### EXERCISE REQUIREMENTS
Only the pictures are to be left out; please reproduce everything else in the data exactly.

### DATA EXTRACT
:::::
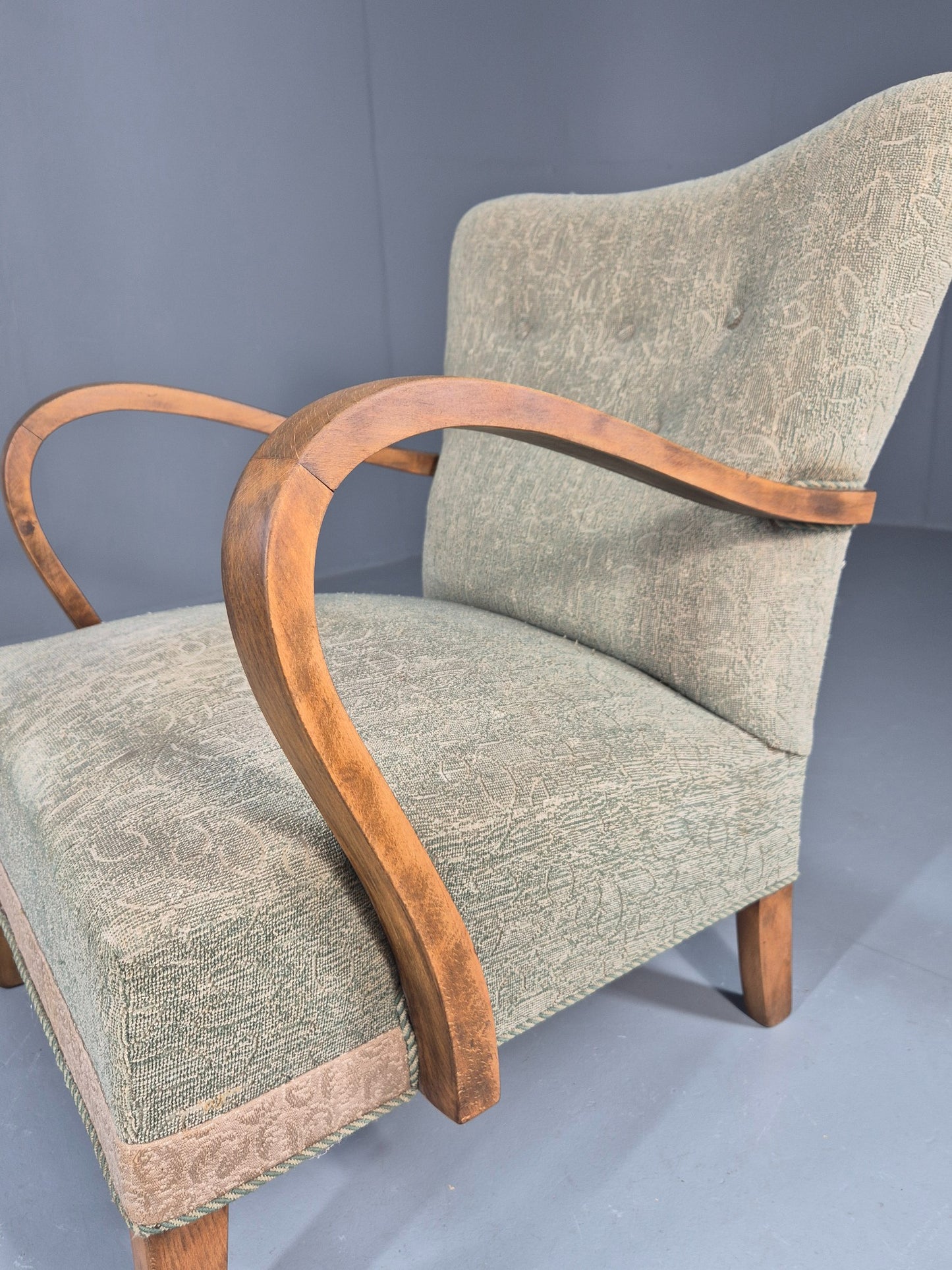 Vintage Art Deco Danish Armchair Beech Frames Original Upholstery EB11956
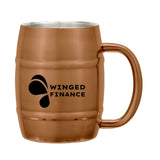 14 Oz. Moscow Mule Barrel Mugs With Box Imprinted with Logo (Q618711)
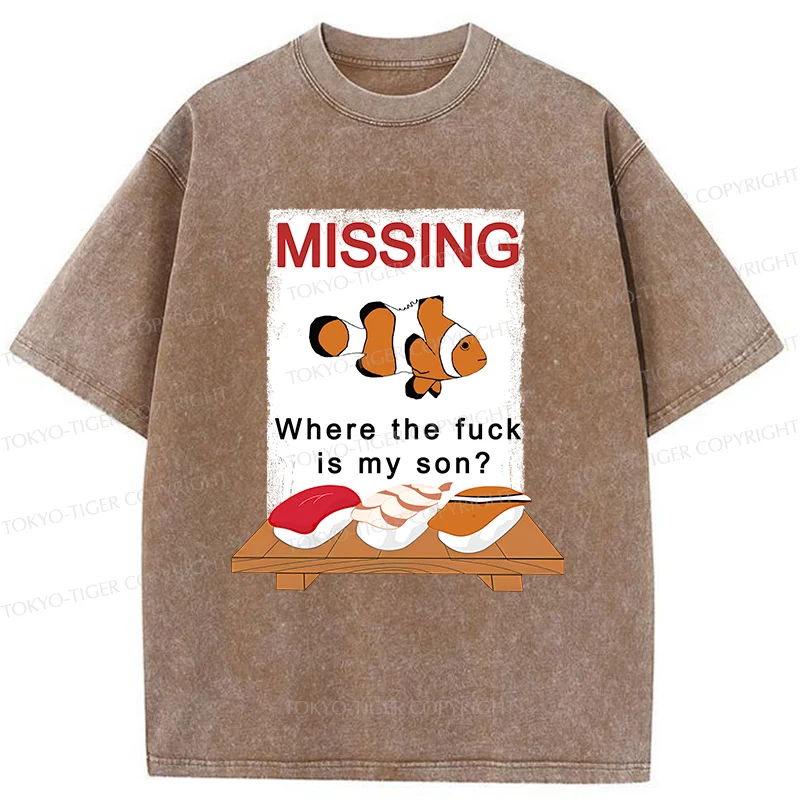 Tokyo-Tiger Clownfish Sushi Washed T-Shirt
:::::
### WRITTEN RESPONSE
 Vintage Art Deco Danish Armchair Beech Frames Original Upholstery EB11956
 14 Oz. Moscow Mule Barrel Mugs With Box Imprinted with Logo (Q618711)
 Tokyo-Tiger Clownfish Sushi Washed T-Shirt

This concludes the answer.